O Sistema de Proteção Social brasileiro, definido a partir da Constituição Federal de 1988, compreendeu ações relativas à saúde, previdência e assistência social, ficando sob responsabilidade do Estado a sua organização e implementação. Definiu como princípios a universalidade da cobertura, a equivalência dos benefícios e dos serviços às populações urbanas e rurais, a responsabilização do seu financiamento pelas esferas federais, estaduais e municipais e a introdução de mecanismos democráticos de gestão.

No entanto, a sua trajetória até os dias atuais não foi simples, nem progressiva. A depender das políticas adotadas, nosso SPS sofreu avanços e retrocessos que influenciaram o tipo de cobertura e o seu percentual (mais universalizante ou mais focalizada). Também afetaram a finalidade e a amplitude da proteção, bem como sua forma de acesso e seus mecanismos de gestão, o que teve efeitos na sociedade, ora positivos, significando melhora na condição de vida das pessoas, ora negativo, com aumento da desigualdade e da exclusão social. Além disso, nosso SPS foi, em muitos momentos, objeto de forte disputa política por orçamentos públicos.

Muitas famílias passam por situações de desproteção ampliando e reforçando as condições de vulnerabilidade social. Vivem muitas vezes num contexto de violação de direitos por ausência ou insuficiência no acesso a bens e serviços.

As políticas que compõe o SPS devem estar voltadas para atender o cidadão no conjunto de suas necessidades. A pandemia tem mostrado a fragilidade desse Sistema no que tange a dificuldade, e por vezes a incapacidade, das políticas serem complementares no atendimento dos problemas sociais. Assiste-se a uma série de intervenções governamentais para dar assistência à população no que se refere, por exemplo, à redistribuição de alimentos, kits de higiene e materiais escolares, sem, no entanto, haver no território, ações coordenadas. Isso levaria inclusive a uma otimização delas e dos auxílios e diminuição de sobreposição de recursos e trabalho. Não se observa uma posição de governo (em qualquer dos níveis) que busque dar unidade para as ações de proteção social.

Nos territórios, apesar das especificidades das diferentes políticas, elas atendem às mesmas famílias. A Educação, por exemplo, atende muitas crianças e adolescentes que também participam dos serviços da Assistência Social. As famílias atendidas pela Assistência Social também recebem atendimento da Saúde, inclusive domiciliar. Muitas recebem benefícios da previdência social, outras Bolsa Família e muitas estão no CadÚnico; todas essas se vinculam a Assistência Social. Apesar de parecer óbvio, não há relação entre todas, já que as políticas mesmo pertencentes a um mesmo sistema têm suas ações focalizadas, segmentadas e fragmentadas.

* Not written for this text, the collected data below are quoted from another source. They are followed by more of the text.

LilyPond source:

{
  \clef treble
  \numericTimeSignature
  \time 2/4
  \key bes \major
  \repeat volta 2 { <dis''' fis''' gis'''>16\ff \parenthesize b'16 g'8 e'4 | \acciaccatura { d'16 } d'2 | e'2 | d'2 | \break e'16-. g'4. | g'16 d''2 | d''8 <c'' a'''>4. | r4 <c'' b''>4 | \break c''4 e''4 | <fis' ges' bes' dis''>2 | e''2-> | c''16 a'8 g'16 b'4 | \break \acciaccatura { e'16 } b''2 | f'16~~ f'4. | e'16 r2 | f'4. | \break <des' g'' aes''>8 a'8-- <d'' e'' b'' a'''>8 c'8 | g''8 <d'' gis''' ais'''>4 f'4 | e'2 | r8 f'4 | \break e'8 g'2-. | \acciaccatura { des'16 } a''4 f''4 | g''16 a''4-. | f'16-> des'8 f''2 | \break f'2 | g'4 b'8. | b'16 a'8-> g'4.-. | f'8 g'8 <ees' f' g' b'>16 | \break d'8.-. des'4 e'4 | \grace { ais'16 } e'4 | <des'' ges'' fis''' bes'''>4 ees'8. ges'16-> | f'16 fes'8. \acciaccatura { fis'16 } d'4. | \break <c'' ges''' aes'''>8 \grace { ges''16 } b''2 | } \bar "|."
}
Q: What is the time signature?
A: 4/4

Mesmo no que diz respeito ao auxílio emergencial, a rede da Assistência Social não foi usada, instalada em todos os territórios brasileiros em situação de vulnerabilidade. Os Centro de Referência de Assistência Social (CRAS) e os Centros de Referência Especializado de Assistência Social (CREAS), os quais fazem parte do Sistema Único de Assistência Social (SUAS), não foram envolvidos oficialmente para facilitar que as famílias pudessem obter o referido auxílio. Optou-se por um aplicativo, como principal mecanismo de acesso ao mesmo, sem levar em consideração as condições efetivas do conjunto da população alvo. Os CRAS e CREAS instalados nos territórios conhecem as famílias e a precariedade de suas condições e poderiam ter facilitado em muita essa operacionalização. Na medida em que foram procurados, o fizeram.

A crise gerada pela pandemia pode nos trazer a possibilidade de repensar uma nova forma de operar o SPS, em que seja viável desenvolver formas criativas e coletivas de construção de políticas que atuem coletivamente para enfrentar as precarizações que a população enfrenta no seu cotidiano. É necessário discutir Proteção Social de maneira intersetorial e assim garantir acesso a direitos, não só por meio da transferência de renda, mas por meio de um conjunto de políticas que estão no território, levando em consideração as potencialidades individuais e coletivas presentes, e assim garantir vida segura às pessoas, o que é responsabilidade pública do Estado.